La Arena diventa un'azienda abruzzese

Lo storico marchio dei surgelati acquistato dalla Dasco srl amministrata da Danilo Iannascoli: «In Val Vibrata la nostra base per nuovi mercati mentre per la filiera avicola prospettive in Molise»
PESCARA. «L’obiettivo è dare vita a una filiera del latte in Abruzzo e una ovicola in Molise. Se ci riusciamo possiamo fare occupazione e salvare definitivamente un marchio storico». Danilo Iannascoli, imprenditore nel settore dei mangimi e manager dello sport (calcio a 5 e calcio), parla al plurale quando spiega il suo ultimo blitz: rilevare per circa 2 milioni di euro – prezzo base di un milione e 680mila euro – gli ultimi marchi Arena disponibili dopo la vendita di “Pollo Arena”. Dietro di lui c’è infatti la Sagem, la più grande cooperativa avicola di Roseto (100milioni di euro di fatturato) che ora confida nella realizzazione di un ambizioso progetto.
Ad aggiudicarsi la vendita, perfezionata con l'atto di cessione in fase di concordato preventivo omologato dal Tribunale di Campobasso (liquidatore giudiziale Ernesto D'Elisa), è stata la Dasco srl, sempre di Roseto, di cui Iannascoli è amministratore delegato. I marchi in questione sono sei: "Surgelati Arena", "Arena Surgelati", "Arena Surgelati" (internazionale), "Arena" (solo per prodotti surgelati o congelati), "Arena" (solo per prodotti freschi) e "Fresco Arena". Dasco srl rappresenta il ramo commerciale agroalimentare di Sagem, di cui sempre Iannascoli è amministratore e direttore generale.
Presidente Sagem è l’ex assessore regionale dcai tempi di Remo Gaspari (nonché ex presidente Confcooperative) Rocco Caramanico, altri consiglieri d’amministrazione sono Emilio Tommolini della Val Vibrata ed Emidio Leone, della zona dell'Aquila.
La mission di Dasco è creare una rete attorno alla Sagem, in pratica dal produttore direttamente al consumatore.

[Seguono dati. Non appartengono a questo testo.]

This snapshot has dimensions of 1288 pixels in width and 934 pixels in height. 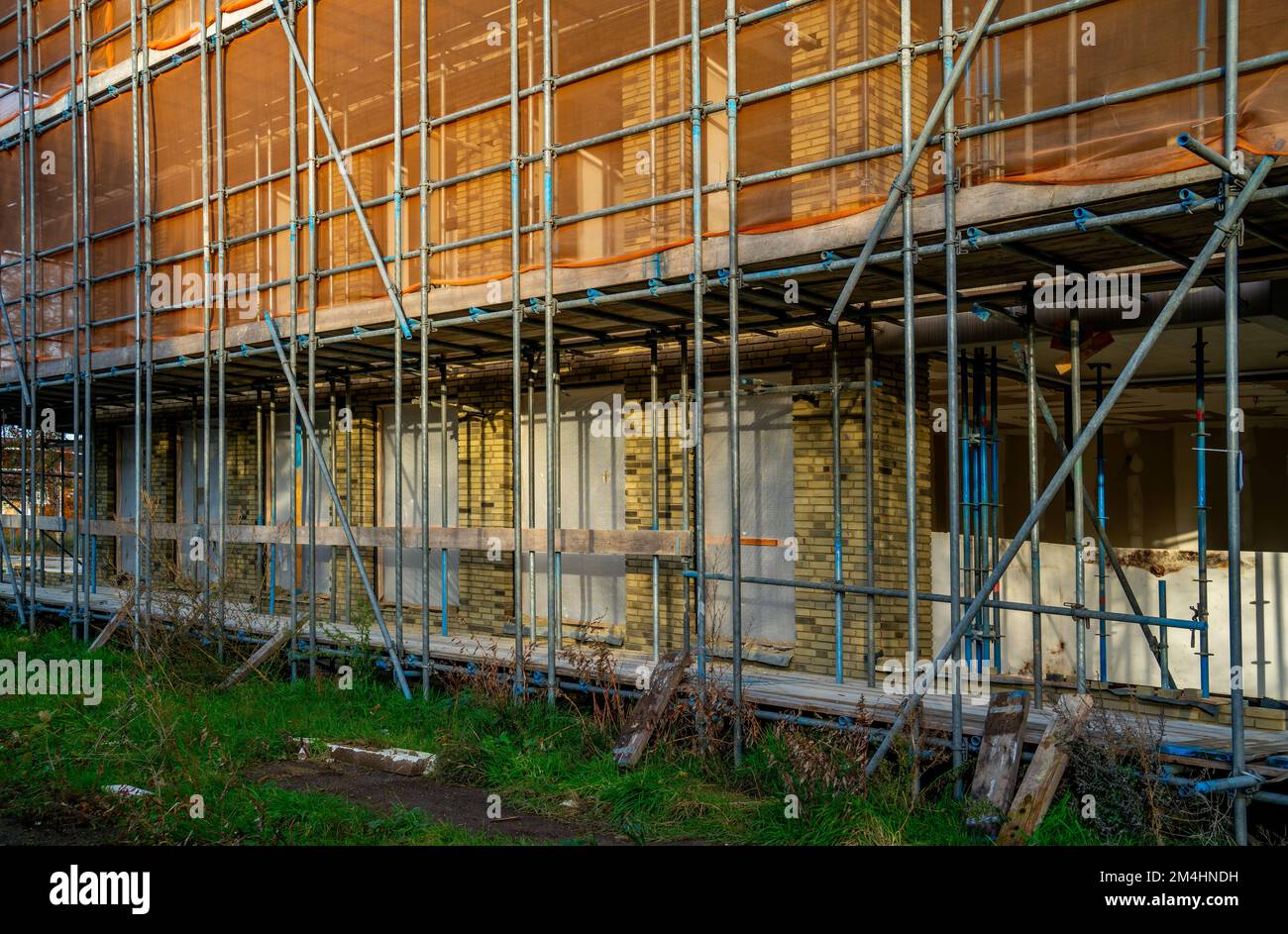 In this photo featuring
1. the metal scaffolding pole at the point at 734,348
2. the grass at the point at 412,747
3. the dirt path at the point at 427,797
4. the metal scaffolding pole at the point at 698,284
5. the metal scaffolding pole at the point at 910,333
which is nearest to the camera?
the grass at the point at 412,747

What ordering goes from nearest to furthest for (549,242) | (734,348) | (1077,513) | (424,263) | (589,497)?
(1077,513) < (734,348) < (549,242) < (424,263) < (589,497)

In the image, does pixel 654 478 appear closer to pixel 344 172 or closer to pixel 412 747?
pixel 412 747

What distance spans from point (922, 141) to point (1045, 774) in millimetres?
3792

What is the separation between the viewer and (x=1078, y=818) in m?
6.01

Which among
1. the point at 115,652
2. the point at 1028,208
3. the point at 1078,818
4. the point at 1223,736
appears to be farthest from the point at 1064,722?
the point at 115,652

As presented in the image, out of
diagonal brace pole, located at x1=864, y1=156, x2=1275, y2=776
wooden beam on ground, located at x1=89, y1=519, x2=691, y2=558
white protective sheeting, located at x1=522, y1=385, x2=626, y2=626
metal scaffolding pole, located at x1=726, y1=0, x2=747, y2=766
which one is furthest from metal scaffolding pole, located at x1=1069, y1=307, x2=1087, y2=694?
white protective sheeting, located at x1=522, y1=385, x2=626, y2=626

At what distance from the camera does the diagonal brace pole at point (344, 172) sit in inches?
406

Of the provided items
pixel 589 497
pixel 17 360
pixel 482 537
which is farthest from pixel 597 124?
pixel 17 360

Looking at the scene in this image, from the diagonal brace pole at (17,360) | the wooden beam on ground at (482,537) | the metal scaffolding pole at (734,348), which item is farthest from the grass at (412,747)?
the diagonal brace pole at (17,360)

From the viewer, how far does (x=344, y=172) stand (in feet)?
35.4

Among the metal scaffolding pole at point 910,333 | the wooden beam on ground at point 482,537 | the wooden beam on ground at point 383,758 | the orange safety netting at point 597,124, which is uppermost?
the orange safety netting at point 597,124

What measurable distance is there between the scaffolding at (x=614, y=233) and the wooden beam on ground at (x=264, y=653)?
0.82 feet

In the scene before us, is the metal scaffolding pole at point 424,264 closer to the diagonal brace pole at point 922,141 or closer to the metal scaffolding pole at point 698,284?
the metal scaffolding pole at point 698,284

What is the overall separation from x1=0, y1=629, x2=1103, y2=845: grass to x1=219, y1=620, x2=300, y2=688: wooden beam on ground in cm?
30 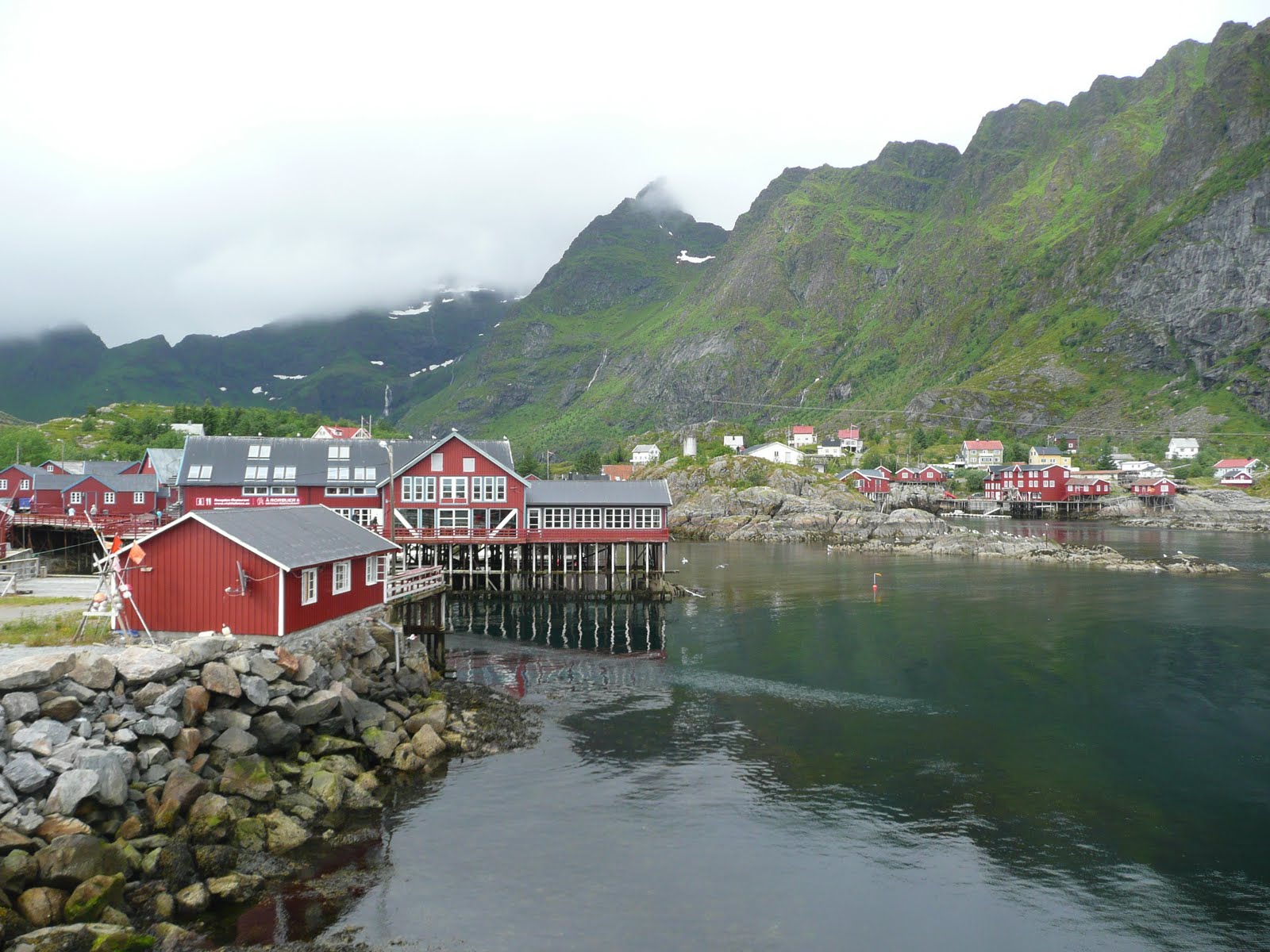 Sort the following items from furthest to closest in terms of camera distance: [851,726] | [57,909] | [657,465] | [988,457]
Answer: [988,457] < [657,465] < [851,726] < [57,909]

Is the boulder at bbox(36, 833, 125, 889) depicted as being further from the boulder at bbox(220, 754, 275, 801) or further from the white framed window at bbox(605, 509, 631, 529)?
the white framed window at bbox(605, 509, 631, 529)

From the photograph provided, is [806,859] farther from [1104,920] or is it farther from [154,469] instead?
[154,469]

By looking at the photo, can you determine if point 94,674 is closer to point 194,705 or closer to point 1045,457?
point 194,705

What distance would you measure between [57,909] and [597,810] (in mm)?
12823

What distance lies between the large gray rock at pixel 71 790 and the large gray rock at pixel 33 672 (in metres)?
3.10

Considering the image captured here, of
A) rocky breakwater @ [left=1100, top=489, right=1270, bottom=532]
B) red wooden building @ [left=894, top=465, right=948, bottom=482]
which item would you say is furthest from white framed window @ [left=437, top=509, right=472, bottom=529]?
red wooden building @ [left=894, top=465, right=948, bottom=482]

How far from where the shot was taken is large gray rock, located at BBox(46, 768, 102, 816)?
18.2 metres

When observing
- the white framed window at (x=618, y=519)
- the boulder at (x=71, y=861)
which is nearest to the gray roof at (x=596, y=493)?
the white framed window at (x=618, y=519)

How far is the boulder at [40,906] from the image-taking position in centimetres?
1622

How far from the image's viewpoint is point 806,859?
2169 cm

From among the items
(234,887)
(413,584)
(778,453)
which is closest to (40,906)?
(234,887)

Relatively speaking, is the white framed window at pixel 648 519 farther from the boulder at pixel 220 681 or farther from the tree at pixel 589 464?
the tree at pixel 589 464

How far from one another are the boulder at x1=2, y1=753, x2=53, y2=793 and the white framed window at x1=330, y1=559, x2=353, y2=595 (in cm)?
1398

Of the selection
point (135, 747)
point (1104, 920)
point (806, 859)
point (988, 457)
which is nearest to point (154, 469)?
point (135, 747) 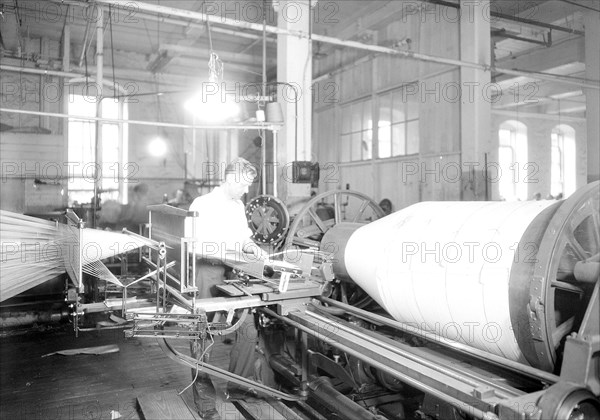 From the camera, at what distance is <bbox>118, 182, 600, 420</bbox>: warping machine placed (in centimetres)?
167

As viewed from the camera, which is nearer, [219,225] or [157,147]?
[219,225]

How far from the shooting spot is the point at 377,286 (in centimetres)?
260

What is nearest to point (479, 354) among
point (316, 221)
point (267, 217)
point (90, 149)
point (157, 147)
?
point (316, 221)

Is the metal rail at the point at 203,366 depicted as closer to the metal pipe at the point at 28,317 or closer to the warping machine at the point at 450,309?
the warping machine at the point at 450,309

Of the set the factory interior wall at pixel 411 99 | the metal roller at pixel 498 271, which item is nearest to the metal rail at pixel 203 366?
the metal roller at pixel 498 271

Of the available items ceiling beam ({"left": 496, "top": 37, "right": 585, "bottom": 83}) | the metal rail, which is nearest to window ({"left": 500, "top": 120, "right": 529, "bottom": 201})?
ceiling beam ({"left": 496, "top": 37, "right": 585, "bottom": 83})

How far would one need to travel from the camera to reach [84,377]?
13.9 ft

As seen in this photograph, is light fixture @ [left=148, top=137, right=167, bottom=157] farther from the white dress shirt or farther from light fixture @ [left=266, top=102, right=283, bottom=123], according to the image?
the white dress shirt

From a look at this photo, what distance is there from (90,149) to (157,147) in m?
1.56

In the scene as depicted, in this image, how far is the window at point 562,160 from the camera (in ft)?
46.4

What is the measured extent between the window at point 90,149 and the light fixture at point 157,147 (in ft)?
2.06

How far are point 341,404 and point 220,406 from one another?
101cm

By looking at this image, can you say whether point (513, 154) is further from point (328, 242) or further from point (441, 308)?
point (441, 308)

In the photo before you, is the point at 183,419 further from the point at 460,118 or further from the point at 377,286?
the point at 460,118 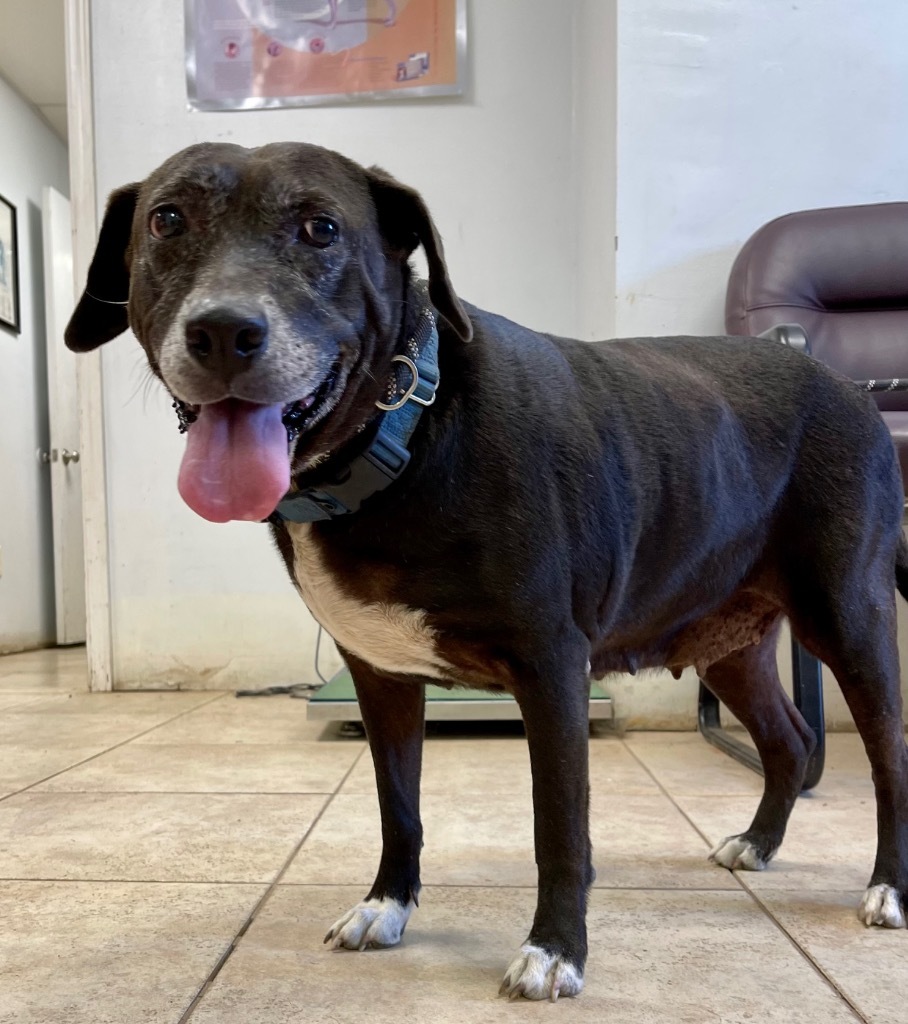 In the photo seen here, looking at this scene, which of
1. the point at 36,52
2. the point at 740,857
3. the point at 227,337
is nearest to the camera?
the point at 227,337

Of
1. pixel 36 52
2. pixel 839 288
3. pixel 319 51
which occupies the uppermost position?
pixel 36 52

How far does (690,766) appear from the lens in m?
2.25

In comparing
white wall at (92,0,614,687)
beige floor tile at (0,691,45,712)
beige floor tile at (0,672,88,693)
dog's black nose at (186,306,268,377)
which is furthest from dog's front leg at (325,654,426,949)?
beige floor tile at (0,672,88,693)

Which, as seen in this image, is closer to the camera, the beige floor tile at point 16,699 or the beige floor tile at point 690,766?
the beige floor tile at point 690,766

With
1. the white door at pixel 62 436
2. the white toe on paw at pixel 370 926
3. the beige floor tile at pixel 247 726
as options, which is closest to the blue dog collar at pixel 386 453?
the white toe on paw at pixel 370 926

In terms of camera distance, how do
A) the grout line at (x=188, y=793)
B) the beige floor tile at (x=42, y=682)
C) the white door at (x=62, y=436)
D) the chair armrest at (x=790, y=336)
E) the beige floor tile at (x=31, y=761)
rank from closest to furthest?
1. the chair armrest at (x=790, y=336)
2. the grout line at (x=188, y=793)
3. the beige floor tile at (x=31, y=761)
4. the beige floor tile at (x=42, y=682)
5. the white door at (x=62, y=436)

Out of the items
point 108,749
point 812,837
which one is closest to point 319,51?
point 108,749

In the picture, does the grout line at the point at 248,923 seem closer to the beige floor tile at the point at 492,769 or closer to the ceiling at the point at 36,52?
the beige floor tile at the point at 492,769

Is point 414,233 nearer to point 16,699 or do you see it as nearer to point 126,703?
point 126,703

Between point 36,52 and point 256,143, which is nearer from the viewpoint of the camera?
Result: point 256,143

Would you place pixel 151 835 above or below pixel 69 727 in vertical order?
above

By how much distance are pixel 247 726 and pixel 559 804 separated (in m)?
1.79

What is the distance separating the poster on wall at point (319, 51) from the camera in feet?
→ 10.5

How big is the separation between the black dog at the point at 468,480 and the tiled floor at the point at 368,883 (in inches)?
4.0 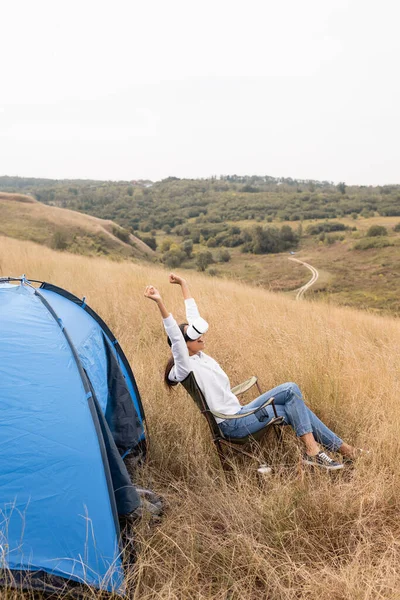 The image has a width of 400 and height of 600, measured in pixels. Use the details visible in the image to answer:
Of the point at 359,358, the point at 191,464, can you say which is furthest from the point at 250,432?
the point at 359,358

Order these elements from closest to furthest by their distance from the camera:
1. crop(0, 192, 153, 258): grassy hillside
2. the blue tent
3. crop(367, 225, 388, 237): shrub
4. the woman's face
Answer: the blue tent, the woman's face, crop(0, 192, 153, 258): grassy hillside, crop(367, 225, 388, 237): shrub

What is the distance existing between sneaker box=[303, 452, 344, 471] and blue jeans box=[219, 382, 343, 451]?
0.18 m

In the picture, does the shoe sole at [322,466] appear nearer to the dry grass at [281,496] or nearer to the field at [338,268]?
the dry grass at [281,496]

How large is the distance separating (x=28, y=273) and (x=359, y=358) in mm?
7943

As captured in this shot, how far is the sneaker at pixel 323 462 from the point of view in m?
3.24

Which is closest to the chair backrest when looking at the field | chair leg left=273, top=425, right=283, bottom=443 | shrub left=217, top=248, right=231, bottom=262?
chair leg left=273, top=425, right=283, bottom=443

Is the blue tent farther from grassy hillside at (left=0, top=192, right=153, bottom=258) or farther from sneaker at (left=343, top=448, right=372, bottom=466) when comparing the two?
grassy hillside at (left=0, top=192, right=153, bottom=258)

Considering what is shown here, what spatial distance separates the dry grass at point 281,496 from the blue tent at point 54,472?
0.24 m

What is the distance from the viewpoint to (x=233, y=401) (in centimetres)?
368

Attraverso la trasformazione.
«Stiamo puntando sul latte in Abruzzo e sull’avicolo in Molise e Puglia», conferma Iannascoli, «i marchi Arena hanno conservato un brand internazionale sul quale investiamo. Per il latte stiamo guardando verso la Val Vibrata, vorremmo realizzzare una linea di prodotti proiettata verso nuovi mercati, nuove tipologie, nuove esigenze in particolare per i bambini. In Molise siamo interessati a rilevare l’ex stabilimento di Bojano che si estende per 15 ettari e dove lavorano in 280 in cassa integrazione. Da lì porteremo nei supermercati un pollo più ruspante, un nuovo segmento di mercato».
Idee chiare che devono però passare attraverso un altro step: l’apertura delle buste il 15 giugno sull’intera filiera pollo ex Arena. E che parte questa volta da 16 milioni di euro.
Per Iannascoli, abituato alle sfide, è una partita tutta da giocare, anche se esiste un piano B: «Vogliamo comunque restare in Molise perché è la seconda regione in Italia per produzione avicola».
E se alla fine tutto dovesse riuscire, non è escluso che torneremo ad ascoltare alla radio e alla tv quella musichetta dello spot “Sempre un po’ di più Arena ti dà”, e vedremo il marchio su qualche maglia di calcio... in serie A.(a.mo.)